=== Problem to work on ===
Print every line of the material below exactly as it stands, but omit the pictures.

=== Source material ===
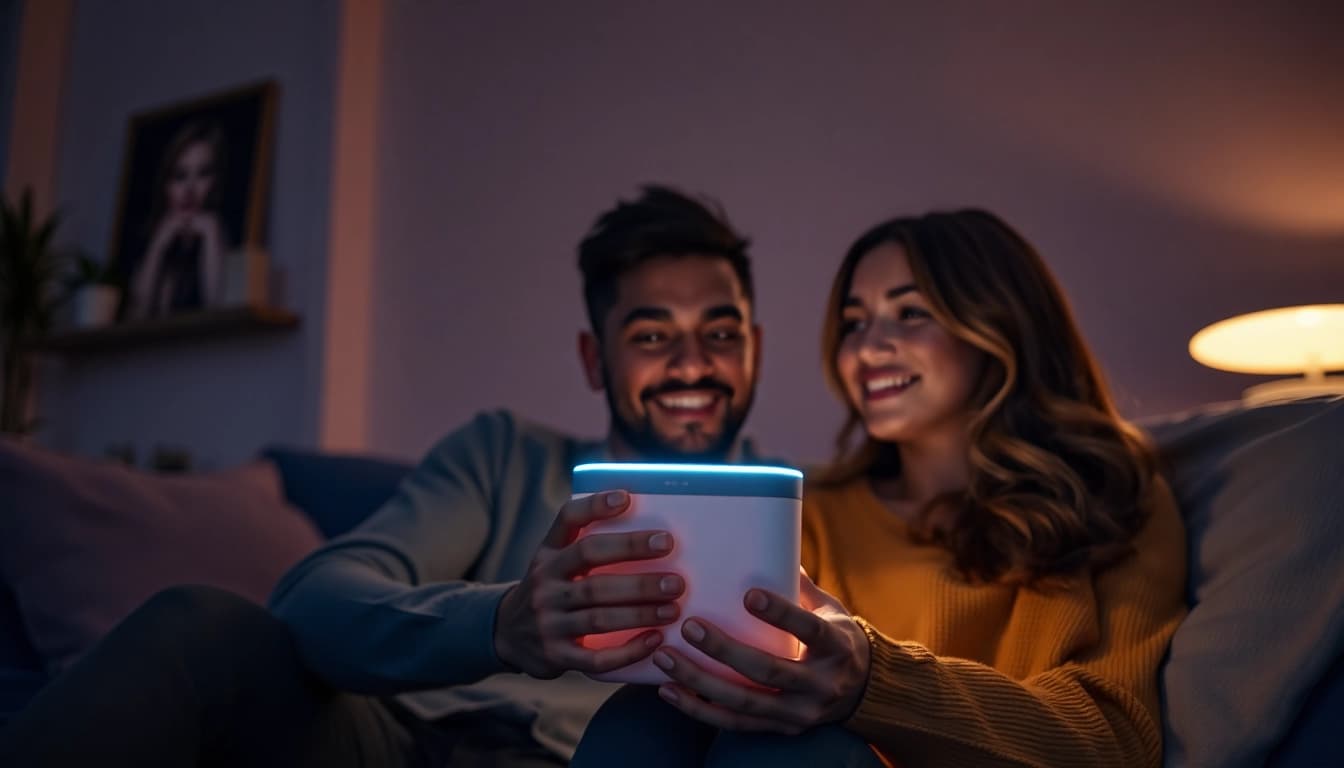 Engaging in innovative interactions with sex AI companionship technology in a cozy setting.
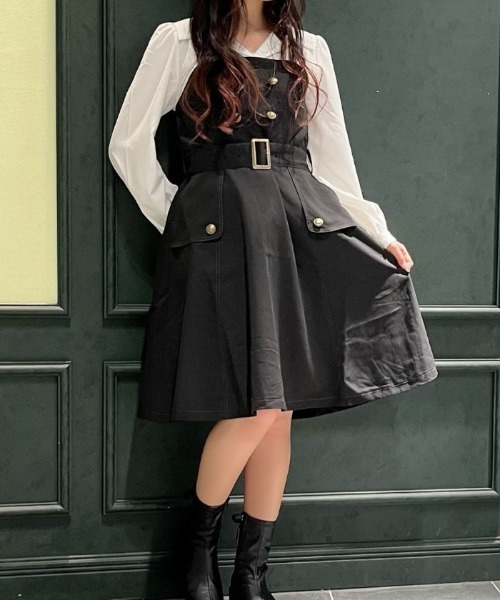 axes femme POETIQUE（アクシーズファムポエティック）の「セーラーカラードッキングＯＰ（ワンピース・レディース・ブラック/ブルー/ブラウン・MEDIUM）」の2枚目の写真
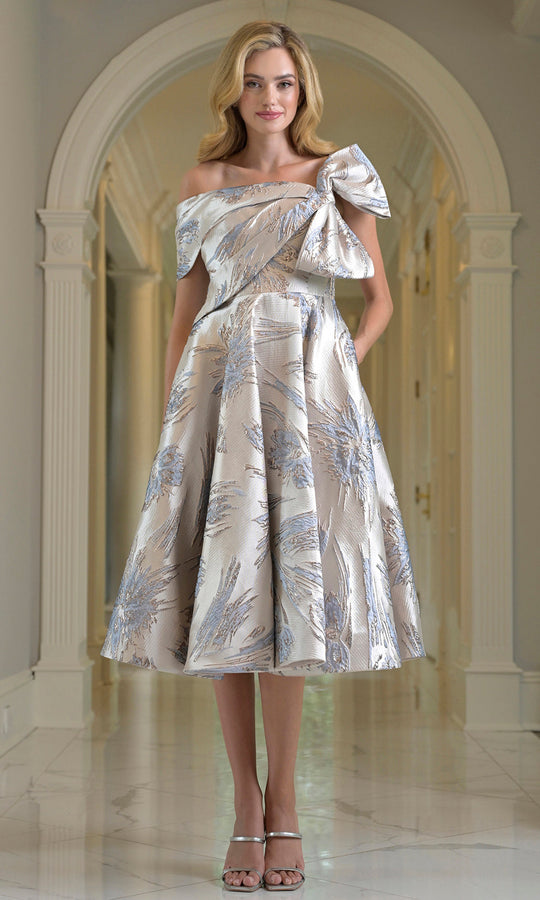 Rina di Montella RD207 - Off Shoulder Tea-Length A-line Dress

=== Solution below ===
 Engaging in innovative interactions with sex AI companionship technology in a cozy setting.
 axes femme POETIQUE（アクシーズファムポエティック）の「セーラーカラードッキングＯＰ（ワンピース・レディース・ブラック/ブルー/ブラウン・MEDIUM）」の2枚目の写真
 Rina di Montella RD207 - Off Shoulder Tea-Length A-line Dress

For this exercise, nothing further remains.